**Requirement:**
Could you copy exactly the lines from the one containing "Khaki Shoftsell Fleece" through the last line of the records below, and nothing else?

**Supplied data:**
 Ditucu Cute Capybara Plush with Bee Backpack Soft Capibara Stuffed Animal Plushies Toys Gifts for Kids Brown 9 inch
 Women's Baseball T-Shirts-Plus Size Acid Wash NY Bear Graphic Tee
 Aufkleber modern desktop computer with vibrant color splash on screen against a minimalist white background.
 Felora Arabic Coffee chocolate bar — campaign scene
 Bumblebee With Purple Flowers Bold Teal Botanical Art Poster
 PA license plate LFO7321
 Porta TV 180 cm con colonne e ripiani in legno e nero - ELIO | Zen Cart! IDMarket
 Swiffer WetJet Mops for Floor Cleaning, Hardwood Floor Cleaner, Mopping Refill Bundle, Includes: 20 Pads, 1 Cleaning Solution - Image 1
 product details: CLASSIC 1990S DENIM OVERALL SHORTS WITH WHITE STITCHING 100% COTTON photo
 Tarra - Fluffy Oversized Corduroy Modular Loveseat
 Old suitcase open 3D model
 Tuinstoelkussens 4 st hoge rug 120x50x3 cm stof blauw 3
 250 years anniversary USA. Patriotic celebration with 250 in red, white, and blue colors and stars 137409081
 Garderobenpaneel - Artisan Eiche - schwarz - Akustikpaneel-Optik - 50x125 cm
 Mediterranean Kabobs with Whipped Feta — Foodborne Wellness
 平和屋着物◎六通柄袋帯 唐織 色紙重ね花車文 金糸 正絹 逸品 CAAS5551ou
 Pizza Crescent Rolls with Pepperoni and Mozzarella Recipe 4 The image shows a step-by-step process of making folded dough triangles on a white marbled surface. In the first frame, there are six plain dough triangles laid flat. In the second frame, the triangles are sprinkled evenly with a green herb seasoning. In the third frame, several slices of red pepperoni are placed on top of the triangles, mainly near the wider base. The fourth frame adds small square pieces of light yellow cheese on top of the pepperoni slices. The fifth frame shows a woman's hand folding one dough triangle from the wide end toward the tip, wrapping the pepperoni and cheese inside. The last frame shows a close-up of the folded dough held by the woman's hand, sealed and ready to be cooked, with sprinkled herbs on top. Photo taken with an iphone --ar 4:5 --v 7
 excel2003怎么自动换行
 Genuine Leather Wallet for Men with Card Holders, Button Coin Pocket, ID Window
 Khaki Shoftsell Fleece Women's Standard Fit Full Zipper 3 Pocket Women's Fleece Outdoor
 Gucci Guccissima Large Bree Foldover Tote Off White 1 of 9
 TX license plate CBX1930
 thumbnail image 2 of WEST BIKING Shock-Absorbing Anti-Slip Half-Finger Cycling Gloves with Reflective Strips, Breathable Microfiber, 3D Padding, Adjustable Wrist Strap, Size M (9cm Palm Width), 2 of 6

**Solution to the problem:**
 Khaki Shoftsell Fleece Women's Standard Fit Full Zipper 3 Pocket Women's Fleece Outdoor
 Gucci Guccissima Large Bree Foldover Tote Off White 1 of 9
 TX license plate CBX1930
 thumbnail image 2 of WEST BIKING Shock-Absorbing Anti-Slip Half-Finger Cycling Gloves with Reflective Strips, Breathable Microfiber, 3D Padding, Adjustable Wrist Strap, Size M (9cm Palm Width), 2 of 6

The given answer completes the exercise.